You and your helmet are still perfectly safe. It takes an impact on the helmet to replace it. The three foot drop didn't do anything to it, most likely, if you've ever been slapped on the helmet by a buddy, it was much worse of a hit, but still nothing to worry about.


----------



## Homer Simpson (May 21, 2004)

I've smacked my helmet on the ground a few times with my bony head inside of it and its still going strong. Look for deformation, dents or cracks of the styrofoam to see if the helmet is ok. Helmets are very durable and require pretty good impacts to render them unusable, especially the newer models that have a hardshell. Helmets have come a long way and live a very long time even with rough use.


----------



## croatiansensation (Feb 21, 2005)

mahgnillig said:


> I heard once that you're supposed to replace your helmet if you drop it on a hard surface. I did this a few years ago because I dropped a helmet down a large flight of concrete stairs, and decided I'd rather be safe than sorry.
> 
> Today I went out to the garage to find that the shelf rack holding my bike had collapsed on the floor, taking my helmet with it. The helmet fell about 3 feet onto concrete.

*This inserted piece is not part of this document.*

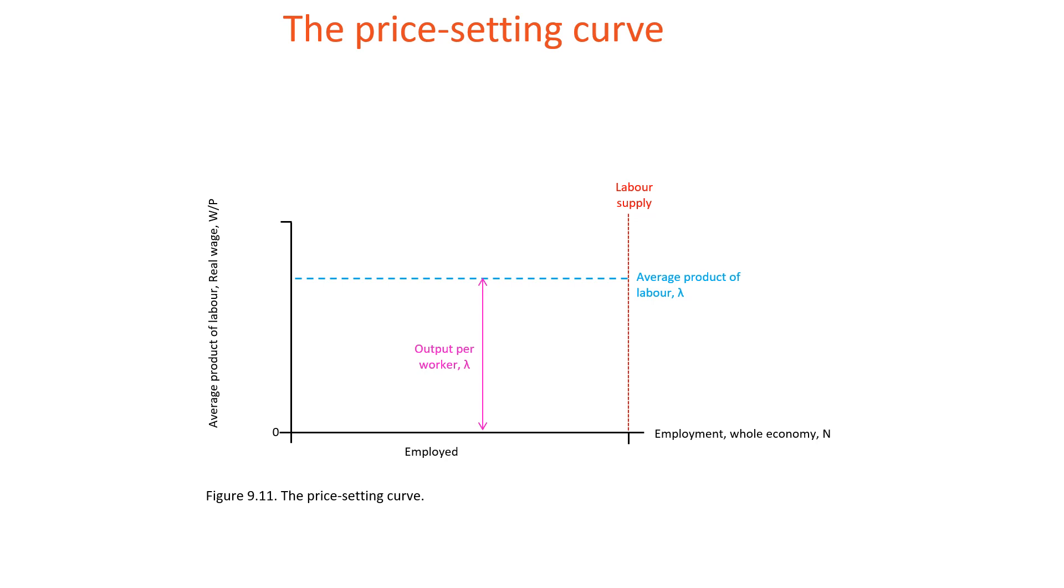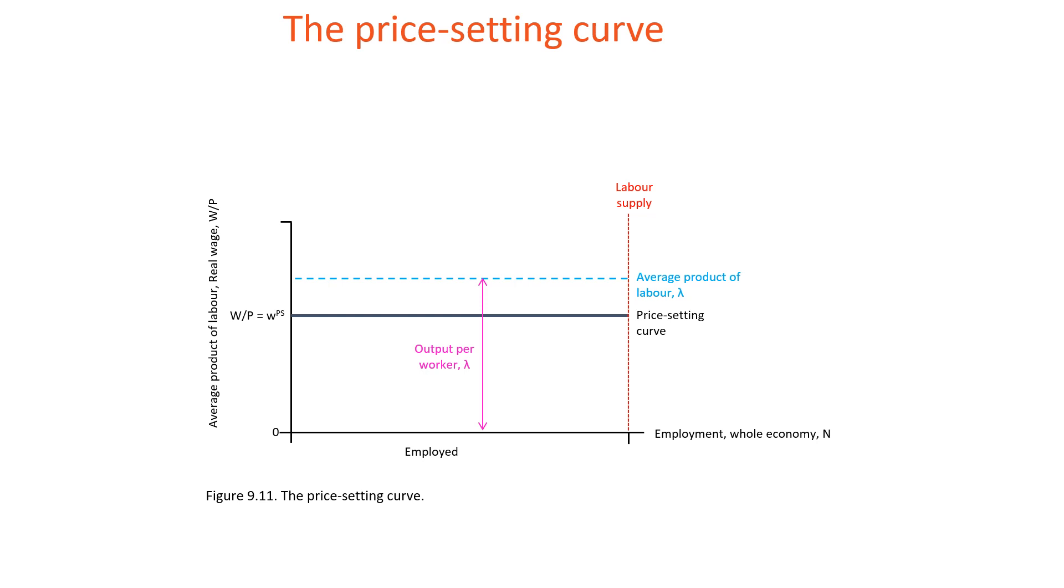Figure 9.11 shows, first of all, the average product of labor as this blue shaded line. It also shows the price-setting curve, which gives the real wage consistent with the outcome of profit-maximizing price-setting behavior of firms for the economy as a whole. As such, it defines how output is distributed between workers and employees.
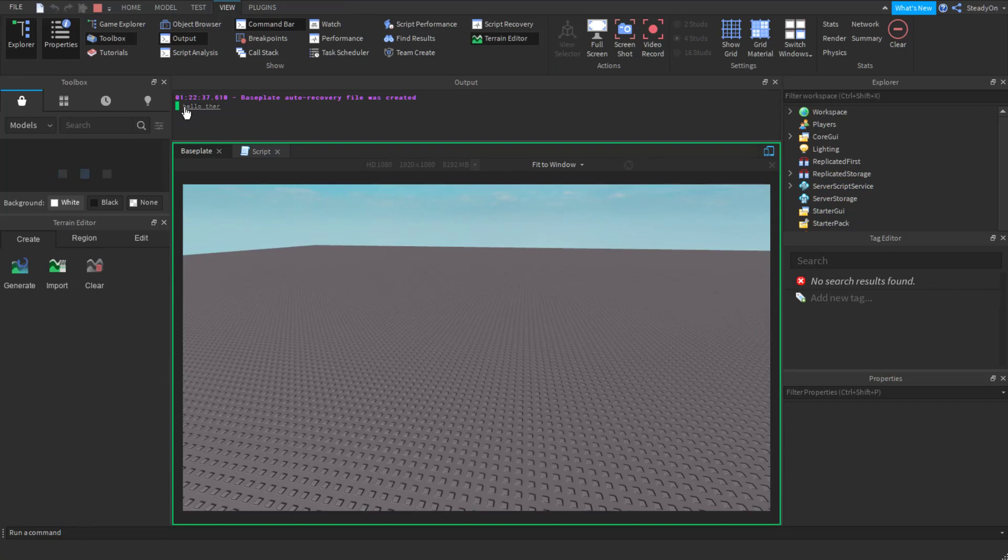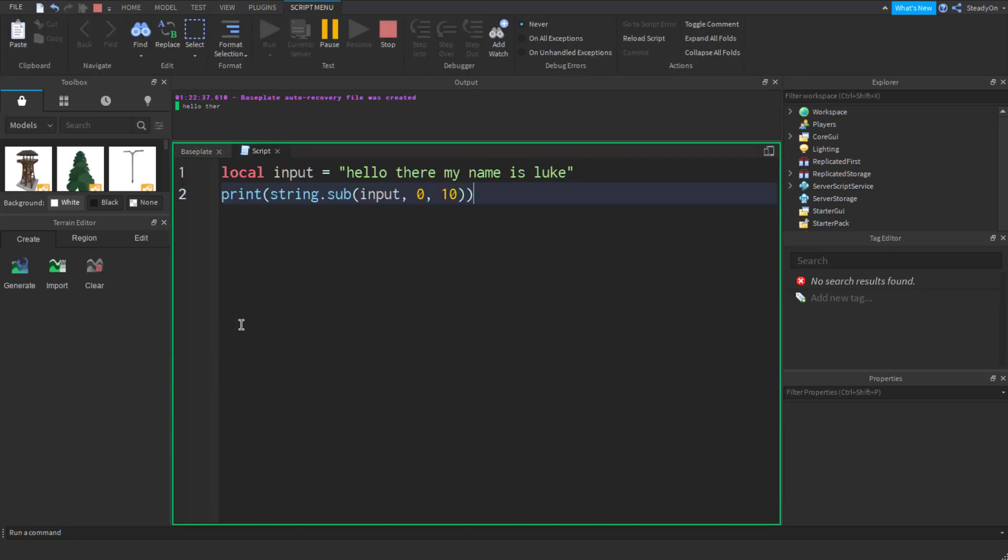You can see that it cuts off at 10 characters, so it limits it to make sure we don't have too many characters in this string. You can also assign that to a variable; you can do whatever you want with it.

It looks okay, but then so did the one I dropped down the stairs.
> 
> ...


You probably overheard somebody talking about motorcycle helmets. The shell on them supposedly can delaminate if you drop one.


----------



## Homer Simpson (May 21, 2004)

I hope motorcycle helmet are tougher than that. We (racing buds and I) used to fling a new one across the parking lot before wearing it. Anytime you use new unscratched gear on a ride, your just asking for a crash. So we would prescratch the helmet and avoid the new gear crash. But that also a superstition, but it seemed to work, my gear never caused me to crash, I on the other hand caused me to crash a lot.


----------



## LyNx (Oct 26, 2004)

As Shiggy said, if it fell and the stuff on the shelf fell ontop of it, then yes it could possibly need replacing. Check it for scratches, dents and cracks - my _loving_ nephews did a similar one for me, 'cept they knocked my bike over with the helmet on the bar ends. Was about a 3ft drop but with the weight and pressure from bar ends they cracked the helmet good and just picked the bike back up and put the helmet like nothing had happened. I almost strangled them when I found it, knew exactly what had happened een though they never told me and wouldn't admit to it.


----------



## Strafer (Jun 7, 2004)

Homer Simpson said:


> I hope motorcycle helmet are tougher than that. We (racing buds and I) used to fling a new one across the parking lot before wearing it. Anytime you use new unscratched gear on a ride, your just asking for a crash. So we would prescratch the helmet and avoid the new gear crash. But that also a superstition, but it seemed to work, my gear never caused me to crash, I on the other hand caused me to crash a lot.


I hope you are joking.
Most motorcycle helmets are designed to take ONE hard hit.
You've been ruining new helmets and made them unsafe in case of real crash.


----------



## Samuel c (Mar 1, 2016)

So I dropped my brand new helmet off of my handlebars and on to the Tarmac, there were some very small dents on the shell and the eps apears intact. Should I replace?


----------



## MSU Alum (Aug 8, 2009)

Wow. An 11 year old thread. No, unless your head was in it at the time!


----------



## Mountain Cycle Shawn (Jan 19, 2004)

MSU Alum said:


> Wow. An 11 year old thread. No, unless your head was in it at the time!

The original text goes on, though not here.